In a revelation that will send shivers down the spine of Home Office mandarins, deported migrants have confessed to the BBC that they had no idea where they were being sent. One individual, speaking on condition of anonymity, stated: 'I didn't know where DR Congo was.' This admission lays bare the grotesque inefficiency of a system that spends taxpayers' money shuffling human beings across continents with all the care of a game of blind man's bluff.
The City of London has long viewed immigration policy through the prism of labour market efficiency. A migrant who cannot locate their destination on a map is hardly the flexible, informed worker that lubricates the gears of a dynamic economy. Instead, we are witnessing a costly farce: chartering private jets to remove individuals who then require re-entry paperwork, legal aid, and social services upon return.
The fiscal arithmetic is devastating. Each deportation flight costs the equivalent of an entire year's salary for a junior analyst. Meanwhile, bond markets watch with hawkish eyes.

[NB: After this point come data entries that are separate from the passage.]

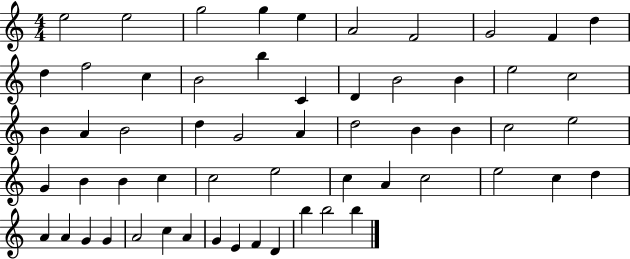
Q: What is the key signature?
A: C major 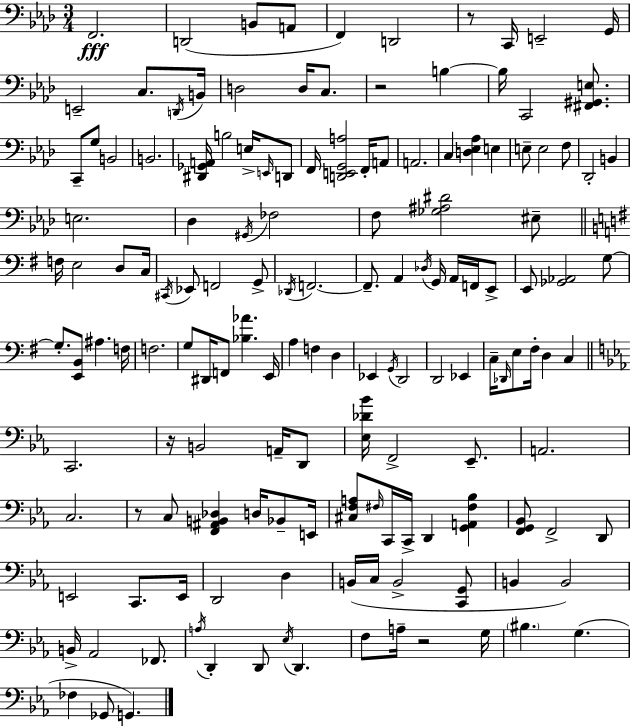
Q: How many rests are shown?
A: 5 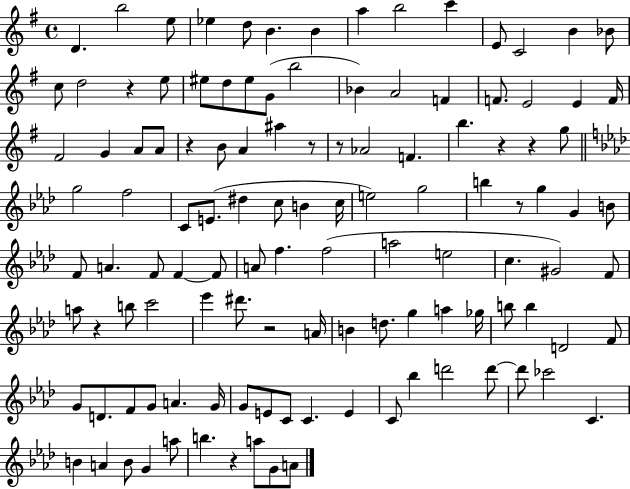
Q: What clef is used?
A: treble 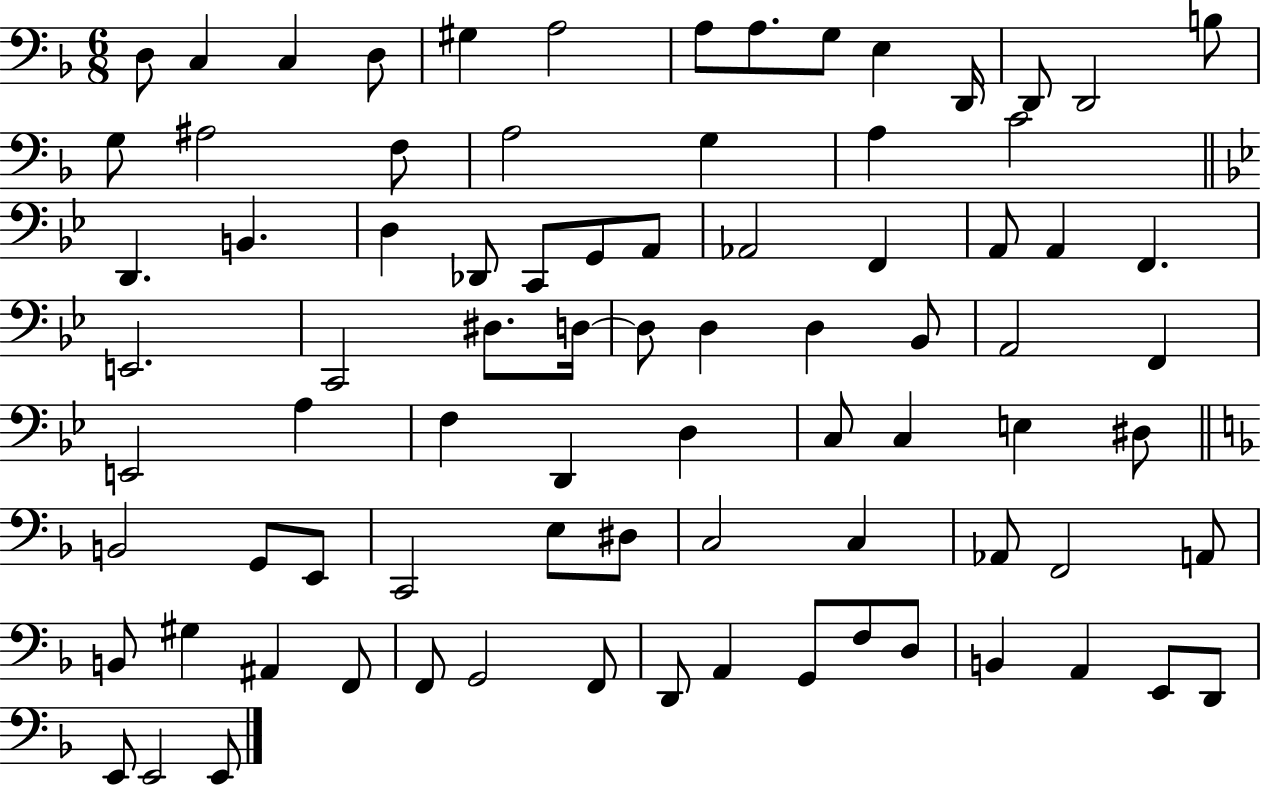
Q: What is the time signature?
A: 6/8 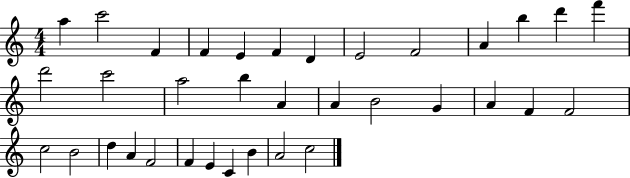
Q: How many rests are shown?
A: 0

Gilt yields have already begun to price in the premium of a dysfunctional state. The Bank of England must be sweating: inflation expectations remain sticky, and throwing good money after bad on these policies does nothing to cool the economy. The market's message is clear: rational policy or capital flight.
The Treasury would do well to remember that in the long run, only efficient allocation of resources sustains a nation's creditworthiness. These migrants' ignorance is not their failing. It is the system's indictment.